Task requirements:
Repeat the data as given. Images do not go in the copy.

-- Records shown follows --

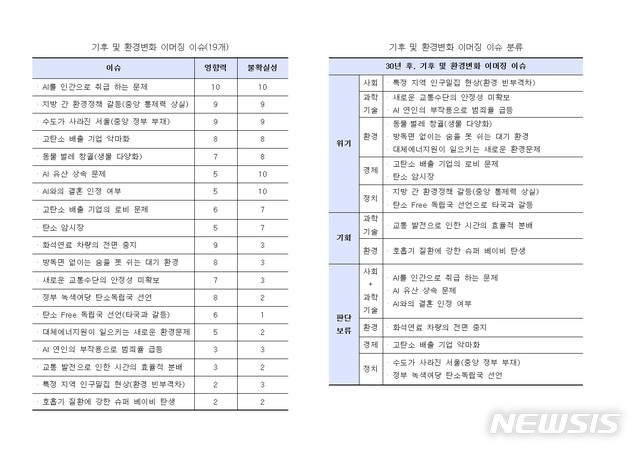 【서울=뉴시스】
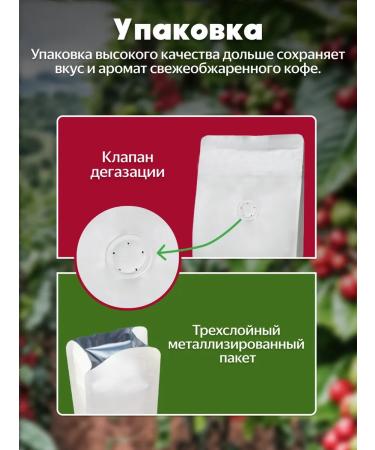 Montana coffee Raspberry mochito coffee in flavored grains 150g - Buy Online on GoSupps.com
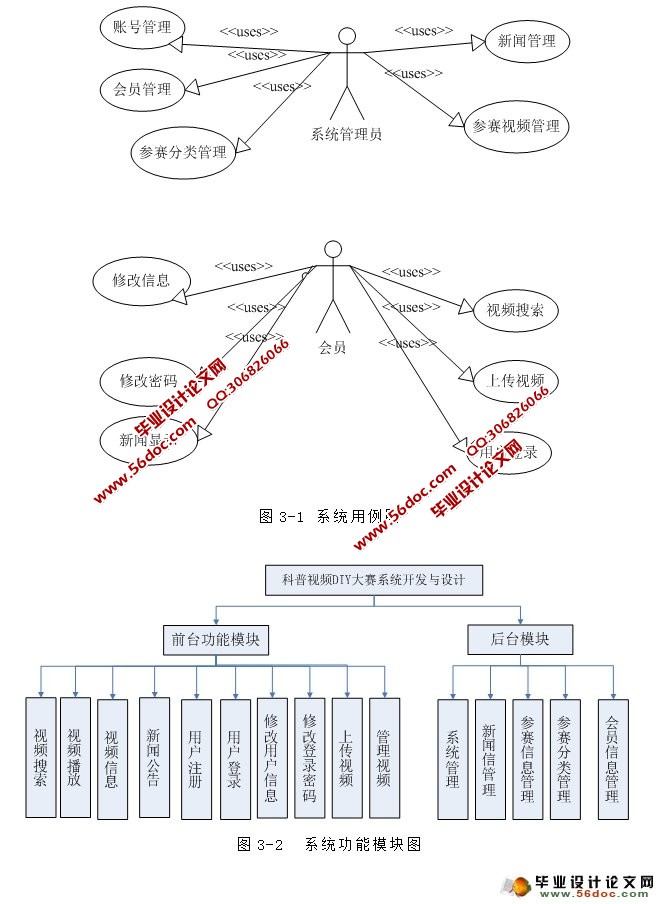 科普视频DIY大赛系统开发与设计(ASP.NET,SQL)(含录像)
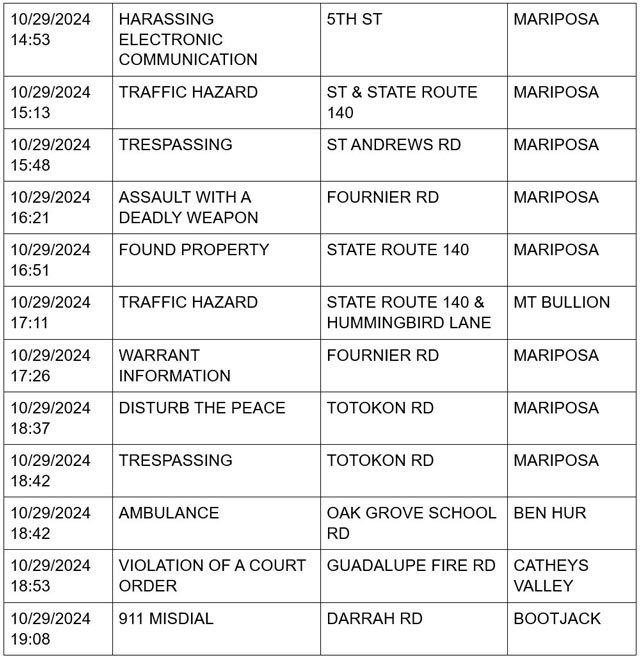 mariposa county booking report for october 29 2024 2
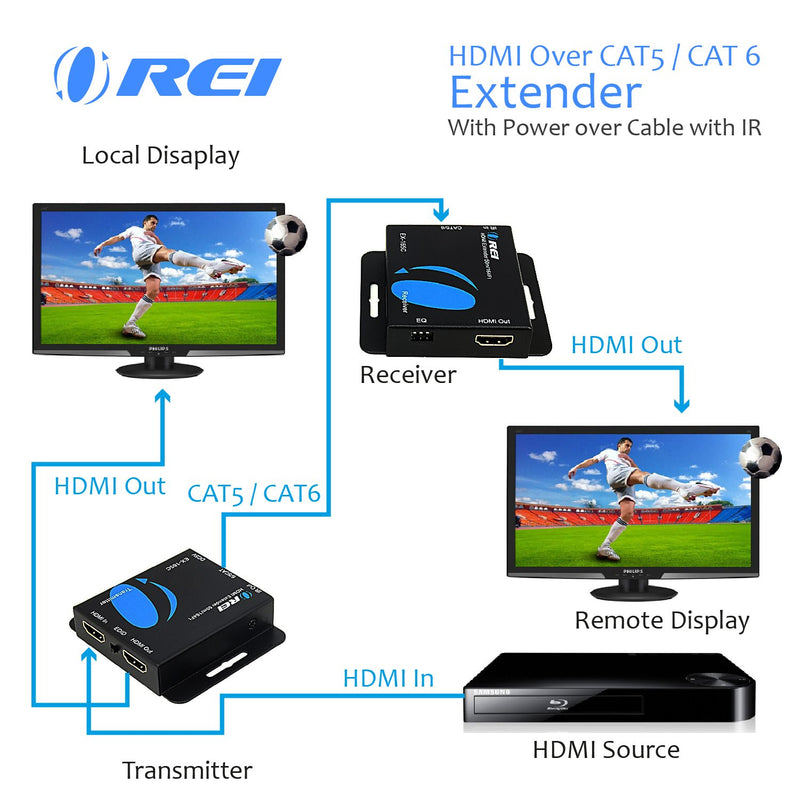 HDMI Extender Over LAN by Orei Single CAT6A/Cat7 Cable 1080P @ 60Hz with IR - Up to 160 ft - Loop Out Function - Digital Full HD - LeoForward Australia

-- Records shown concluded --

Written answer:
 【서울=뉴시스】
 Montana coffee Raspberry mochito coffee in flavored grains 150g - Buy Online on GoSupps.com
 科普视频DIY大赛系统开发与设计(ASP.NET,SQL)(含录像)
 mariposa county booking report for october 29 2024 2
 HDMI Extender Over LAN by Orei Single CAT6A/Cat7 Cable 1080P @ 60Hz with IR - Up to 160 ft - Loop Out Function - Digital Full HD - LeoForward Australia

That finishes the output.